(Recorded information Opens)

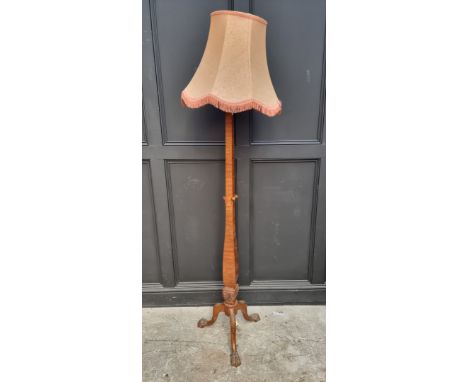 A 1930s walnut tripod standard lamp.&nbsp; 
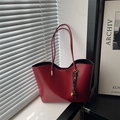 Red leather tote bag with a metallic bell charm placed by a modern window with soft shadows - Red (With Pendant)
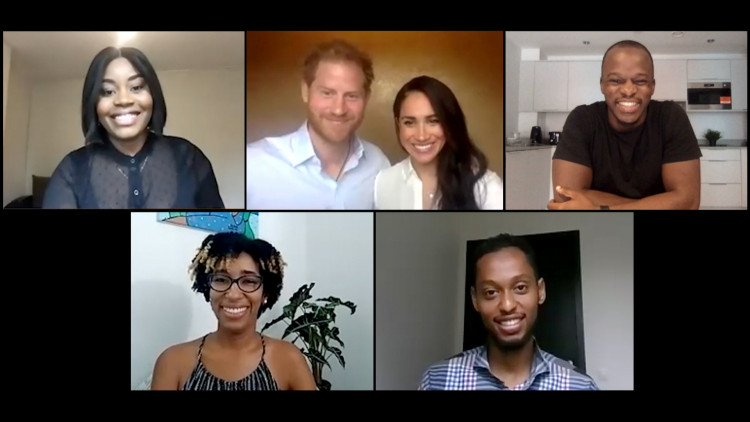 Britain's Prince Harry and Meghan, Duchess of Sussex, speak with young leaders about equal rights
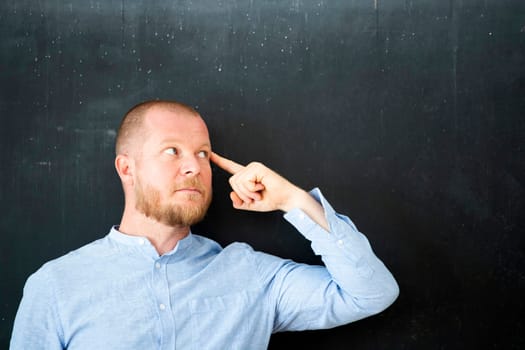 Handsome businessman standing at the empty blackboard with copy space.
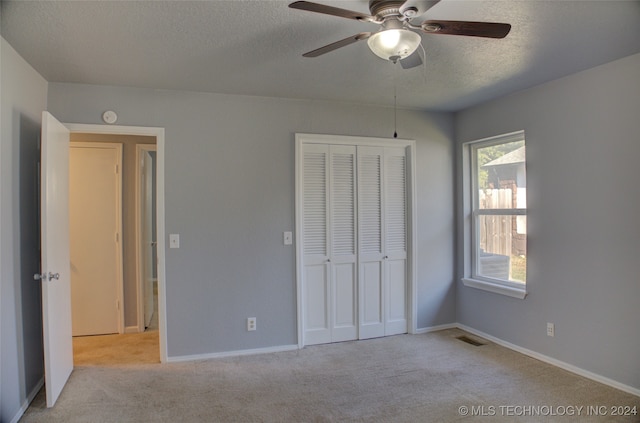 unfurnished bedroom featuring ceiling fan, a textured ceiling, a closet, and light carpet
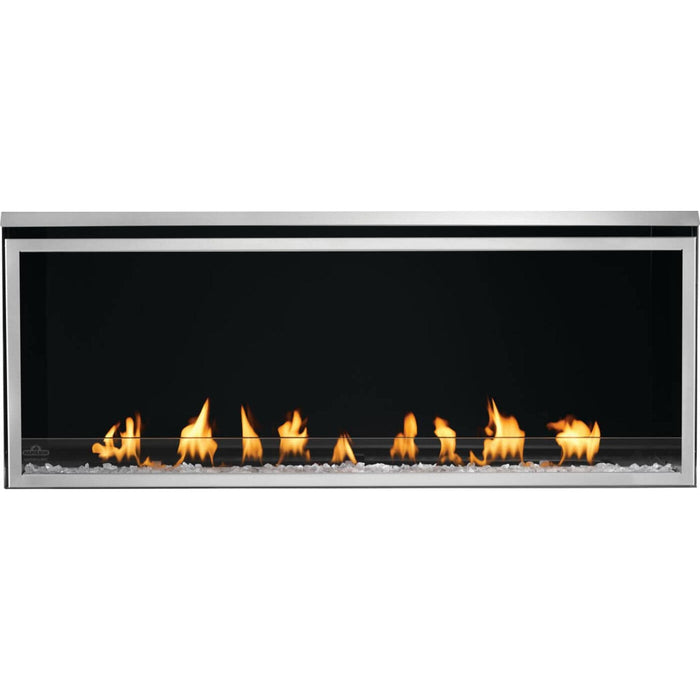 Napoleon Galaxy 50 linear outdoor gas fireplace with clear glass embers, glass wind guard, and black reflective interior panels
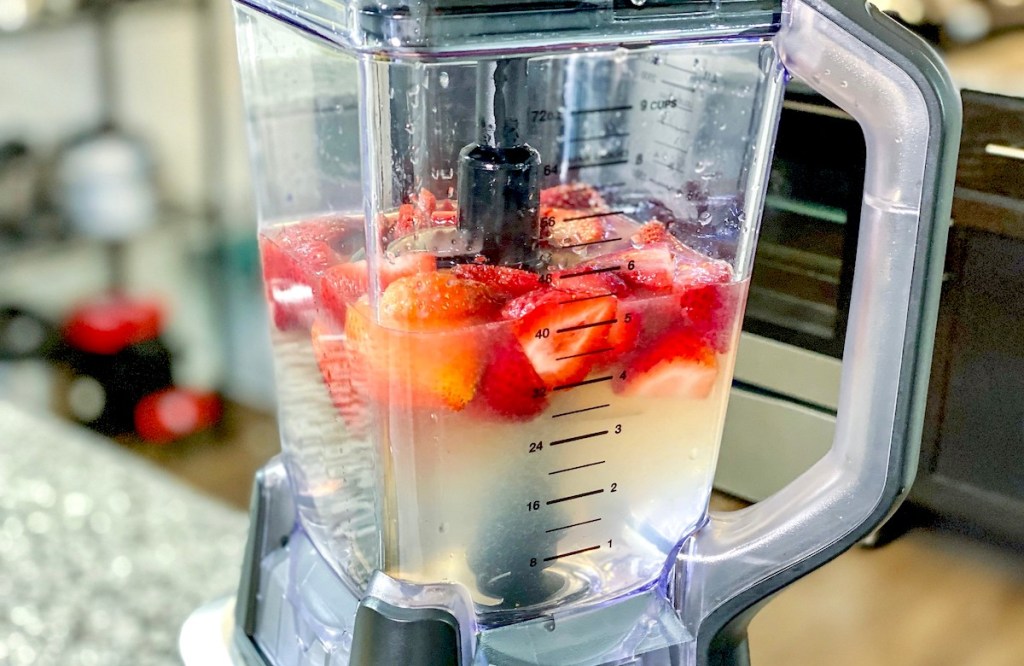 blender with strawberries and liquid inside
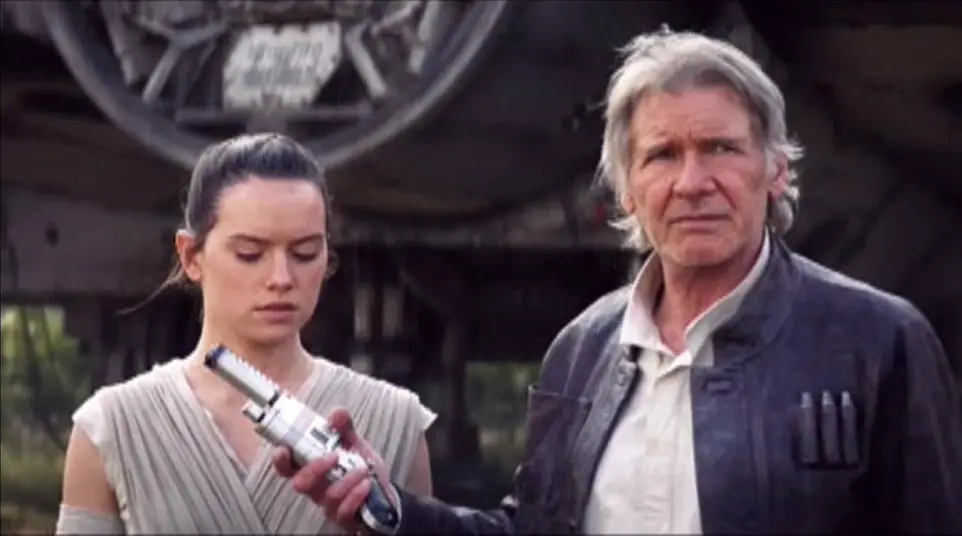 Han Solo Hands Rey a Weapon - Star Wars: The Force Awakens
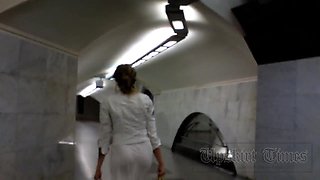 Upskirt without panties. Blonde in long white skirt.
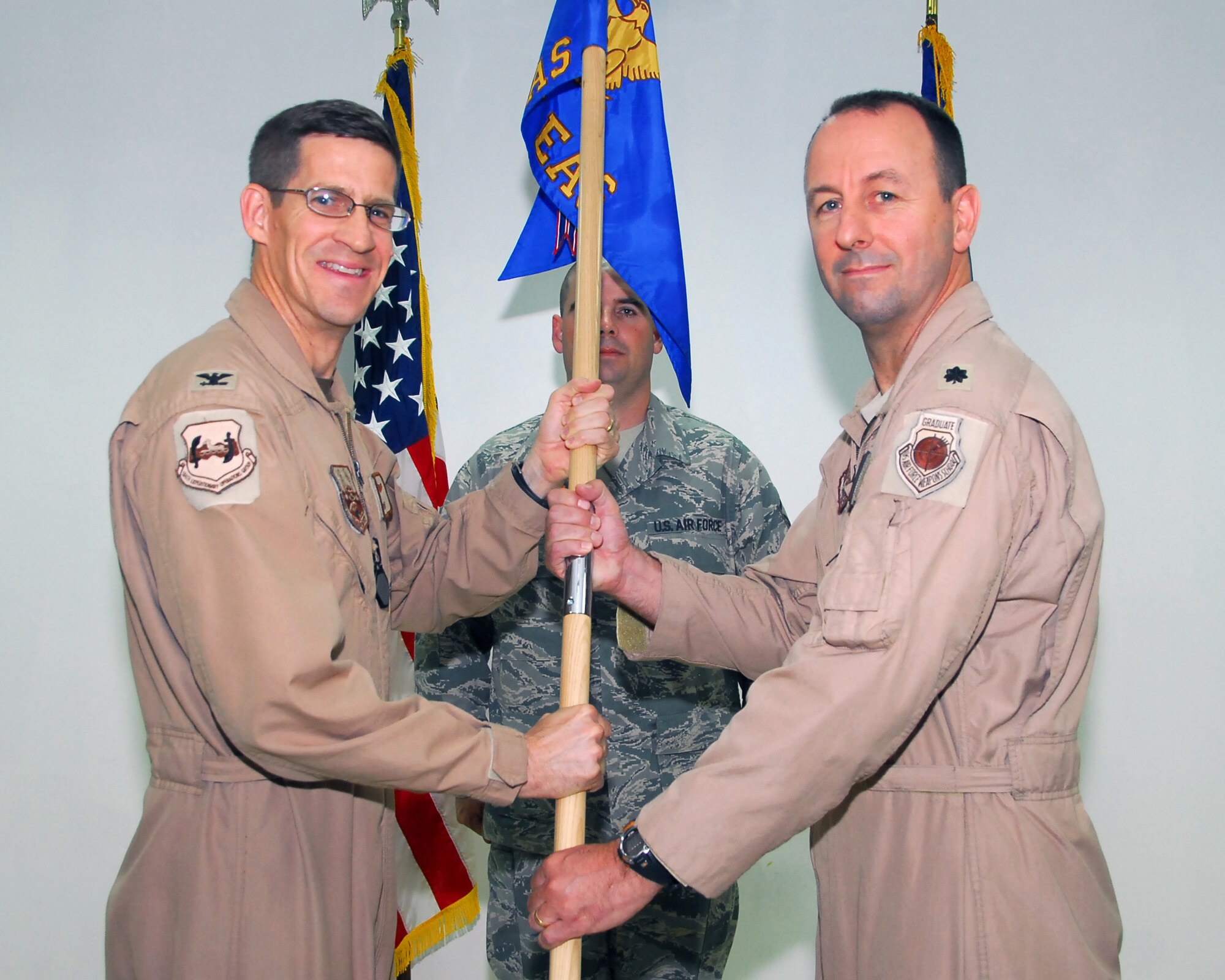 SOUTHWEST ASIA -- Lt. Col. Ben Akins recieves command of the 737th Expeditionary Airlift Squadron from Col. David Miller, 386th Expeditionary Operations Group commander, at an air base in Southwest Asia, June 17. Colonel Akins is deployed from Dyess Air Force Base, Texas.  (U.S. Air Force photo/Senior Airman Courtney Richardson)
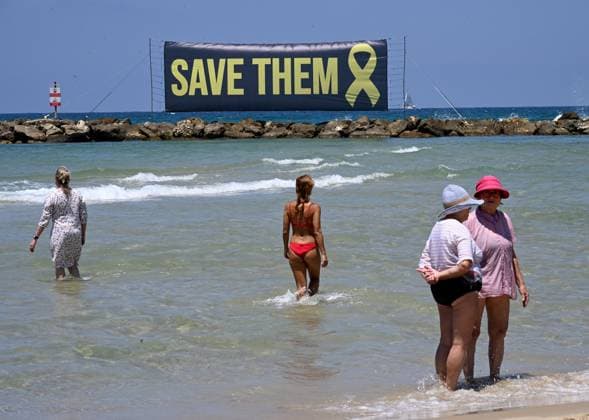 Bilder des Jahres 2025, News 07 Juli News Themen der Woche KW27 A banner calling for the release of Israeli hostages still held by Hamas in Gaza since October 7, 2023, is displayed in the Mediterranean Sea in front of the U.S. Embassy branch in Tel Aviv on Friday, July 4, 2025. Released hostages joined families whose loved ones are held in Hamas captivity in a protest calling on U.S. President Donald Trump to bring all the hostages home and end the war.  JER2025070402 DEBBIExHILL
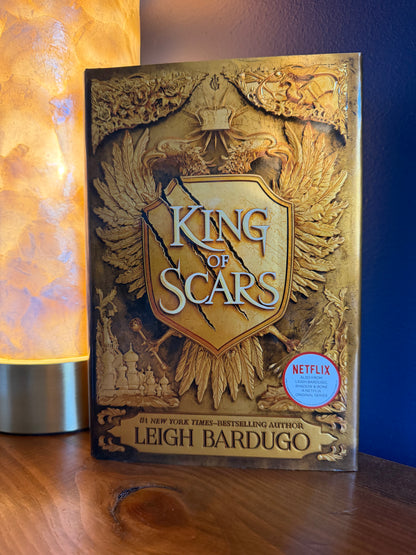 King of Scars book by Leigh Bardugo on a wooden table next to a glowing lamp, with a blue wall in the background. A round Netflix sticker is visible on the front cover.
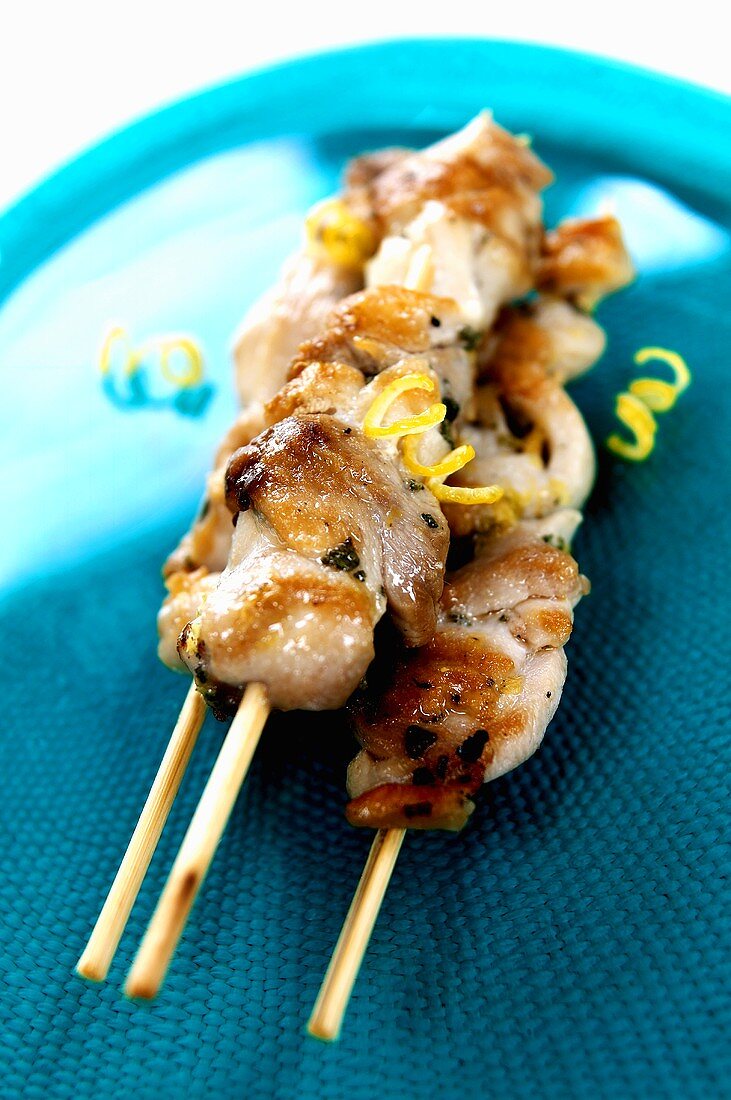 Three meat kebabs with lemon zest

(Recorded information Closes)

» Directions:
Beginning with the line that contains "Upskirt without panties.", output every line down to the last line of the entries above exactly as written, apart from the pictures.

» Worked solution:
 Upskirt without panties. Blonde in long white skirt.
 SOUTHWEST ASIA -- Lt. Col. Ben Akins recieves command of the 737th Expeditionary Airlift Squadron from Col. David Miller, 386th Expeditionary Operations Group commander, at an air base in Southwest Asia, June 17. Colonel Akins is deployed from Dyess Air Force Base, Texas.  (U.S. Air Force photo/Senior Airman Courtney Richardson)
 Bilder des Jahres 2025, News 07 Juli News Themen der Woche KW27 A banner calling for the release of Israeli hostages still held by Hamas in Gaza since October 7, 2023, is displayed in the Mediterranean Sea in front of the U.S. Embassy branch in Tel Aviv on Friday, July 4, 2025. Released hostages joined families whose loved ones are held in Hamas captivity in a protest calling on U.S. President Donald Trump to bring all the hostages home and end the war.  JER2025070402 DEBBIExHILL
 King of Scars book by Leigh Bardugo on a wooden table next to a glowing lamp, with a blue wall in the background. A round Netflix sticker is visible on the front cover.
 Three meat kebabs with lemon zest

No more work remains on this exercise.